For better or worse, much of the push for gay marriage in the United States now seems relegated to the realms of the courtroom, legislatures, foundations and advertising firms.(2) If these forces are successful, it will mark a very significant victory in the struggle for formal legal rights for gay people. We should honor the sentiments that have galvanized activists to fight for same-sex marriage: the need for emotional, not just legal, recognition.
It is for that same reason that our strategies and actions should be informed by the words of the Beyond Marriage Statement:
“We must dare to dream the world that we need, the world that has room for us all, even as we also do the painstaking work of crafting the practical strategies that will address the realities of our daily lives.
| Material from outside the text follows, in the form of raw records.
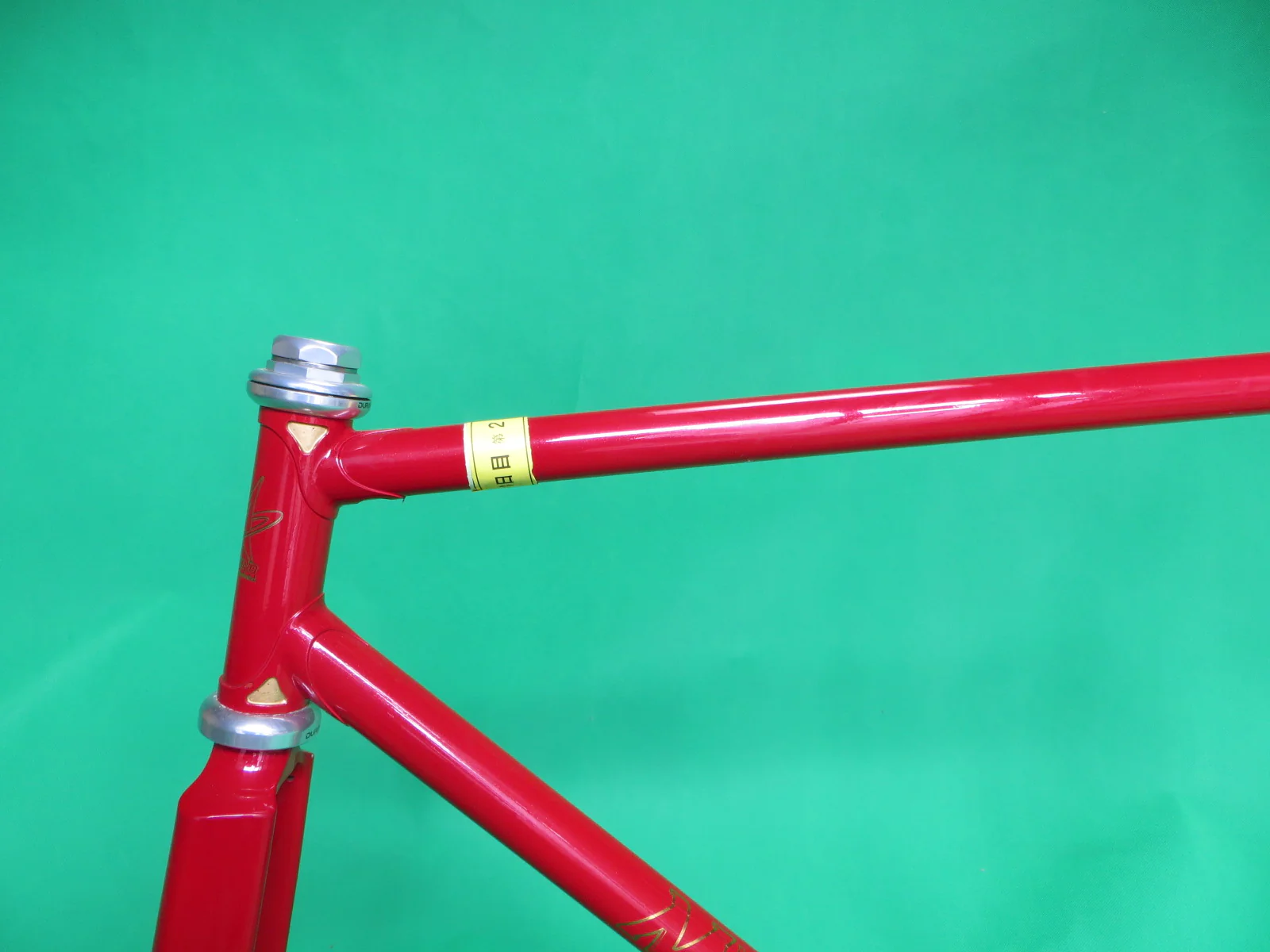 Makino // Red Metallic // Columbus Max Fork // 52.5cm - Image 4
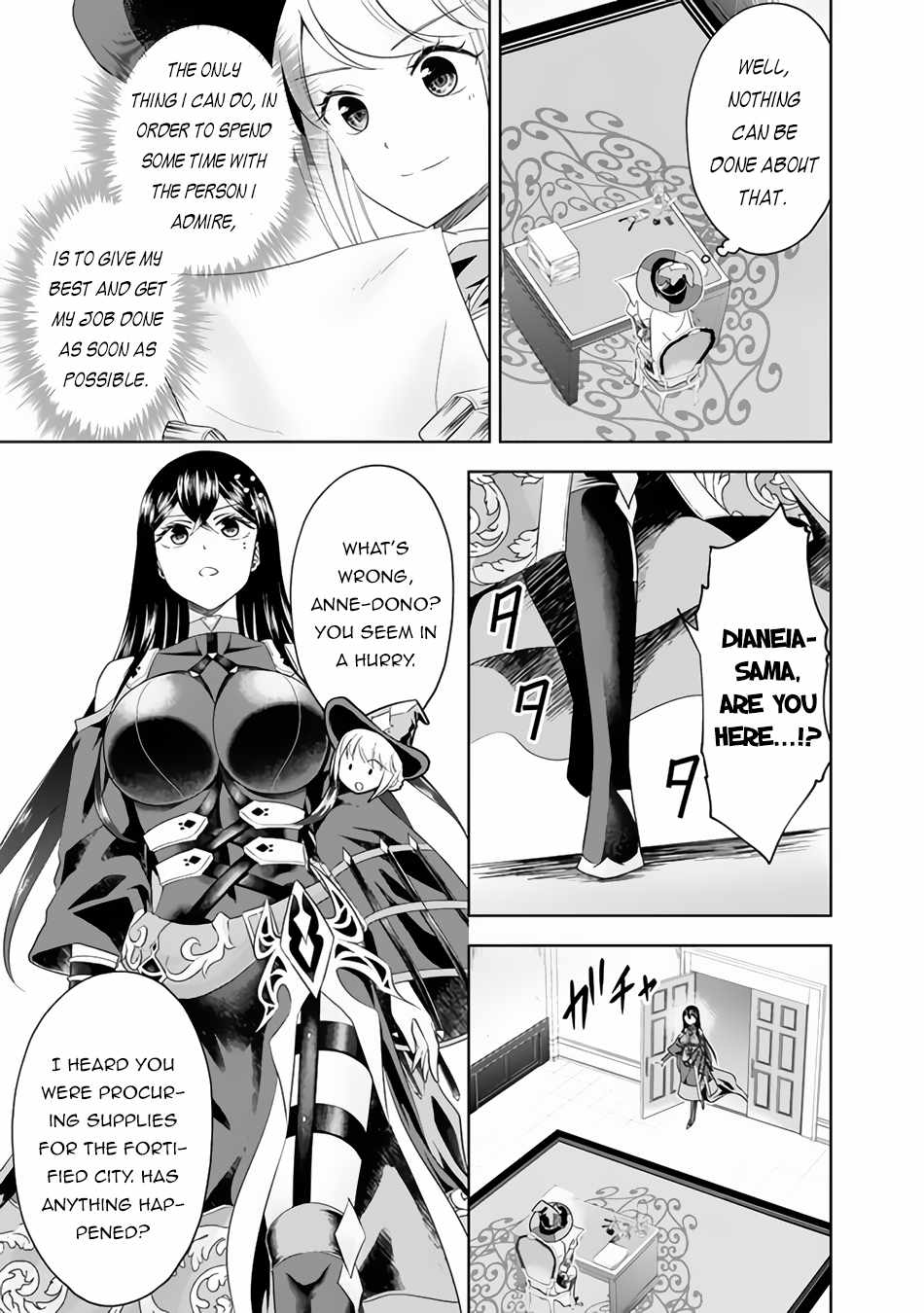 Ore no ie ga Maryoku Spot Datta Ken - Sundeiru Dake de Sekai Saikyou chapter 94 - page 8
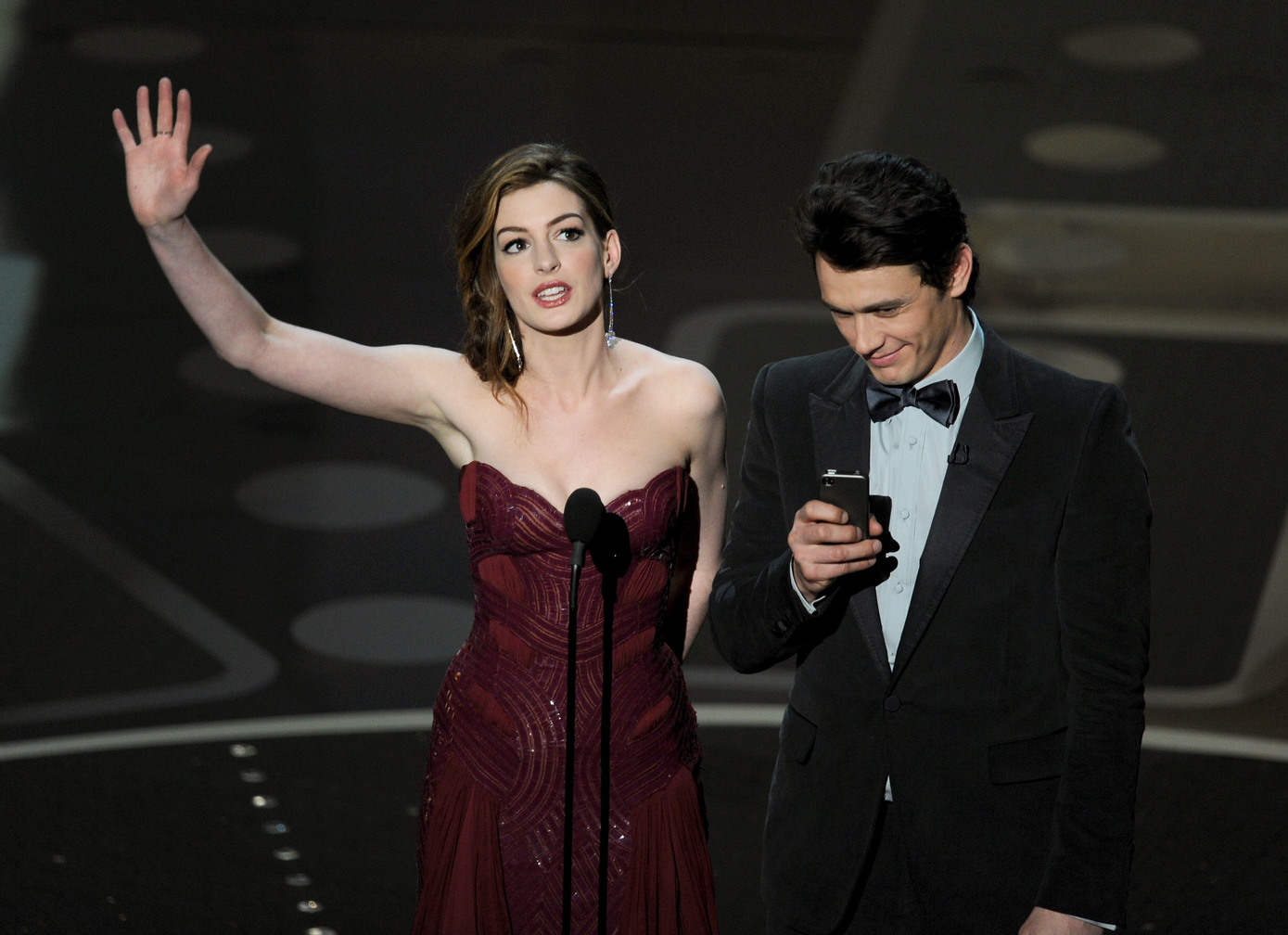 James franco oscar host 3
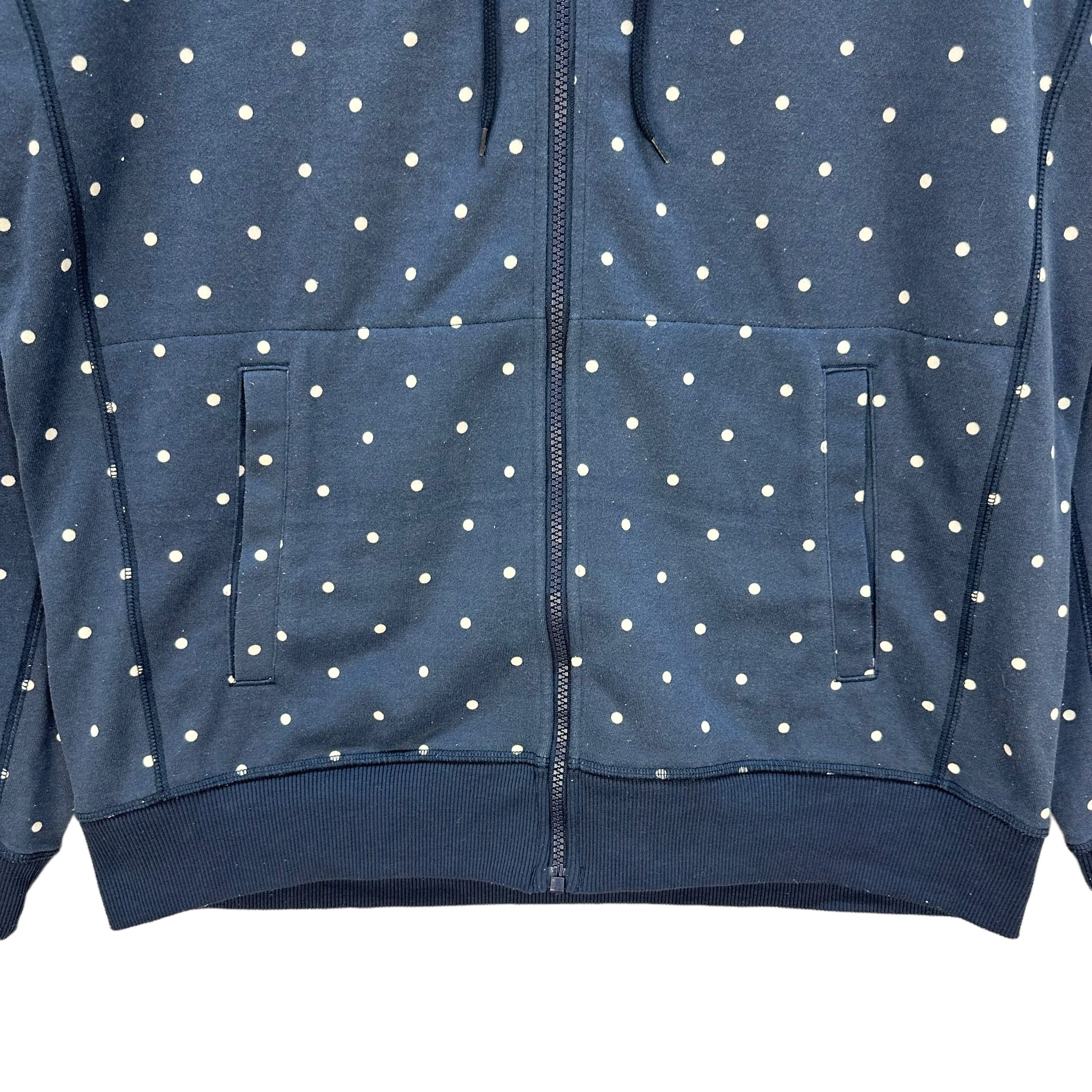 Columbia COLUMBIA OMNI SHIELD POLKA DOT ZIPPER HOODIES #8793-026 Size US L / EU 52-54 / 3 - 4 Thumbnail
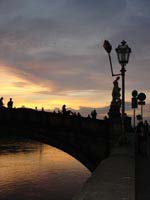 Ponte Vecchio, la nuit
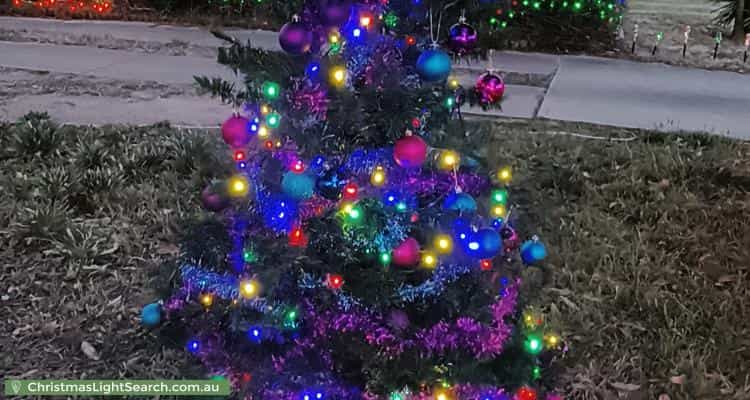 Christmas Light display at 61 Penneys Hill Road, Hackham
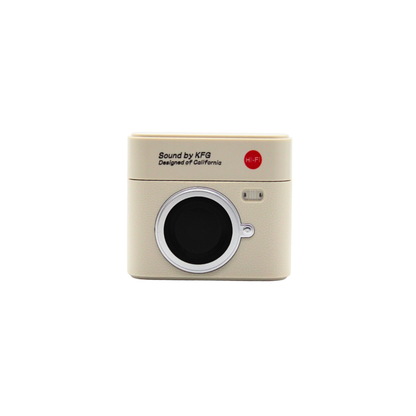 Audífonos in ear Bluetooth retro cámara Q88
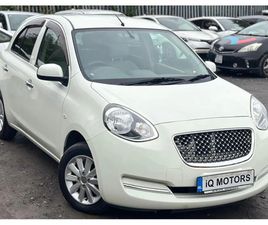 NISSAN MARCH BOLERO 1.2L PETROL AUTOMATIC LOW MI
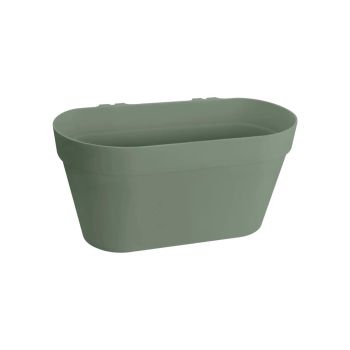 Elho hangpot Loft urban wall duo 28cm pistache groen
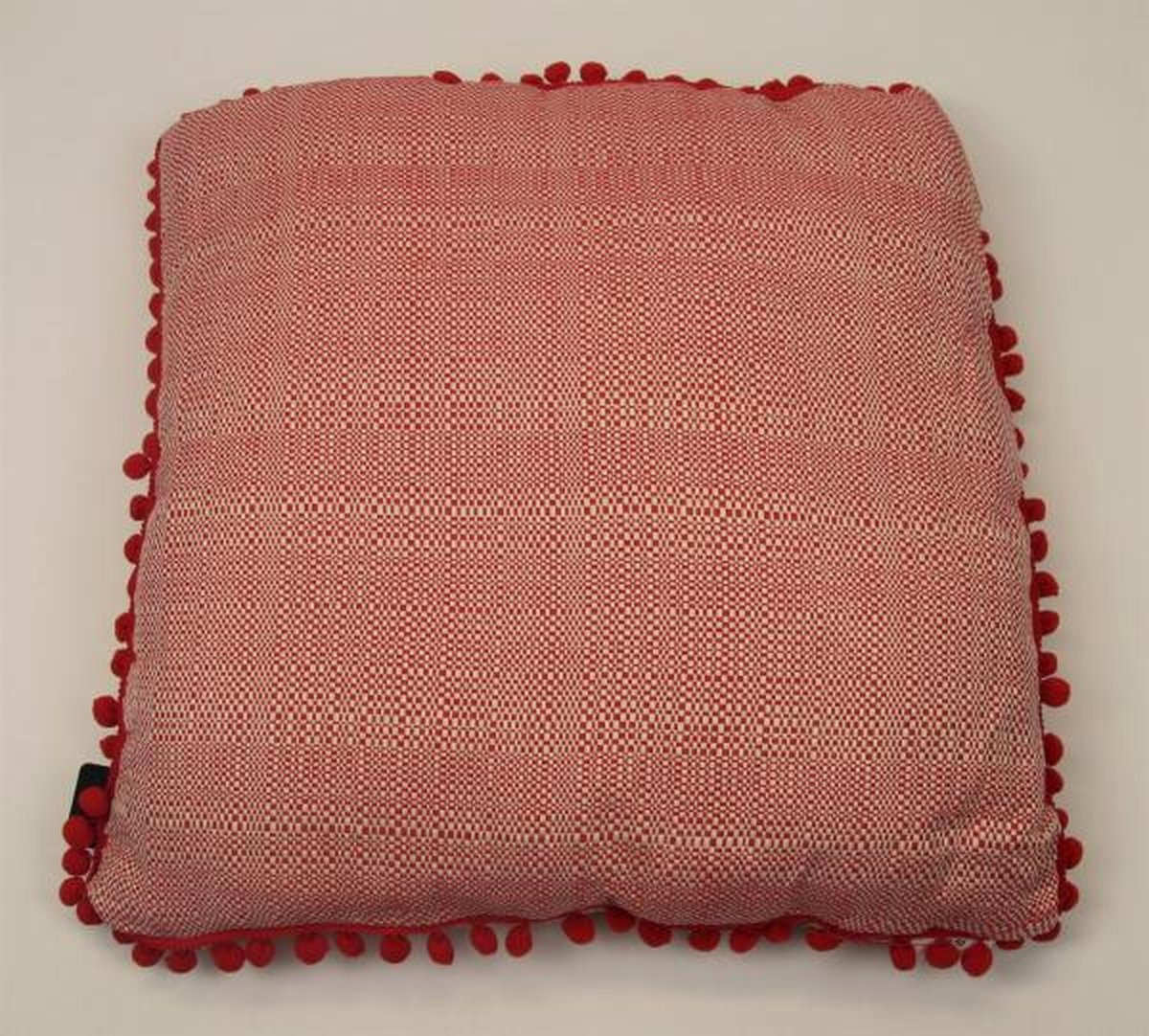 Madison sierkussen rood 50 x 50 cm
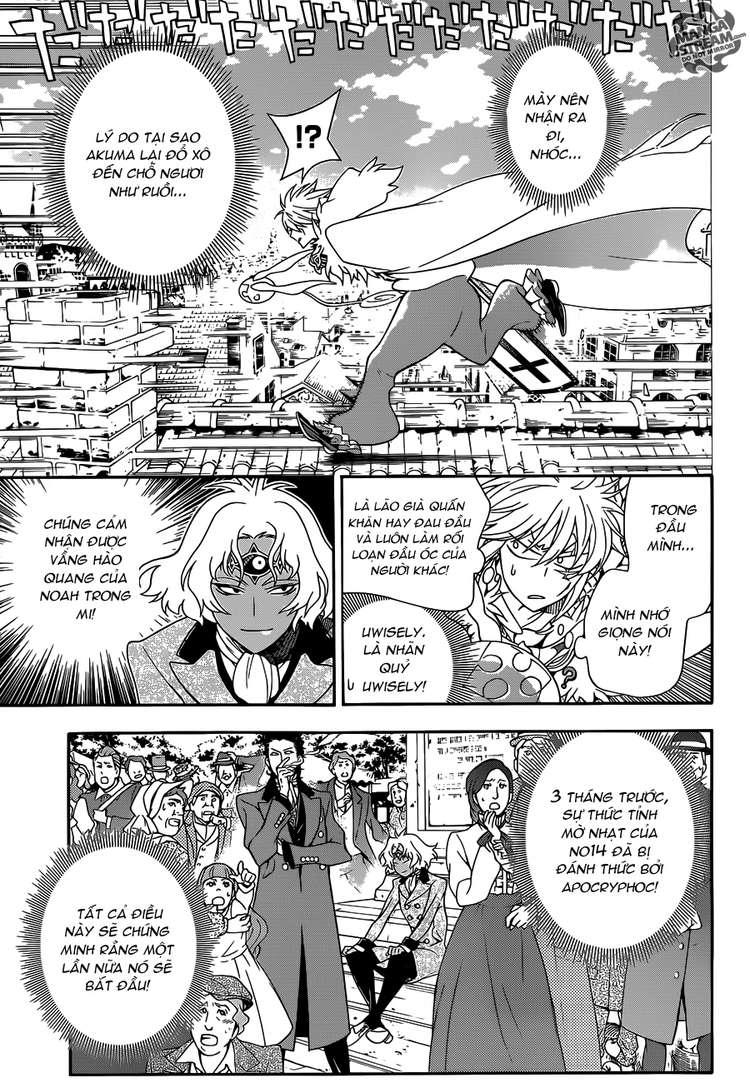 Quái Vật Sinh Ra Từ Linh Hồn Chết Chóc Chap 211 - Next Chap 212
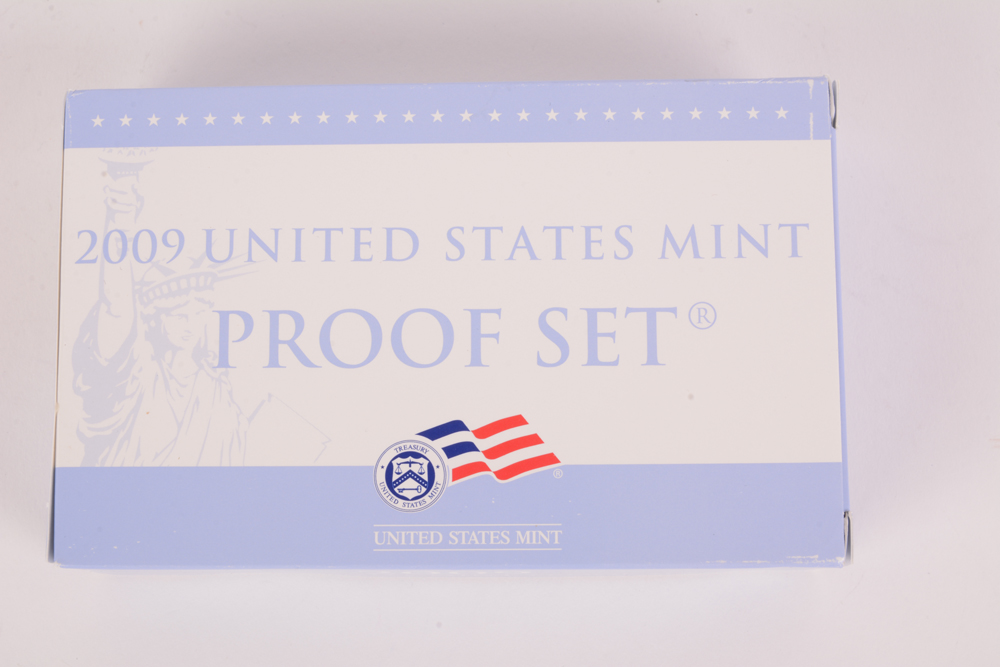 Collection of United States Mint Proof Sets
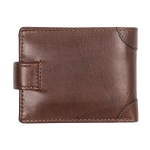 Мъжки кафяв портфейл Auto Set с лого на Subaru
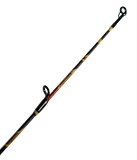 Profishiency Retro Baitcast Combo with pole tip, featuring a vintage design and durable construction for freshwater fishing.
Now, more than ever, is the time to continue to find new ways of defending all our families, and to fight to make same-sex marriage just one option on a menu of choices that people have about the way they construct their lives.
- For more information on how government dollars fund pro-marriage programs as a response to poverty, go to the website of the Department of Health and Human Services: http://www.acf.hhs.gov/healthymarriage/index.html.
back to text - On this, see Talbot, Margaret “A Risky Proposal: Is it too soon to petition the Supreme Court on Gay Marriage,” New Yorker, 18 Jan. 2010.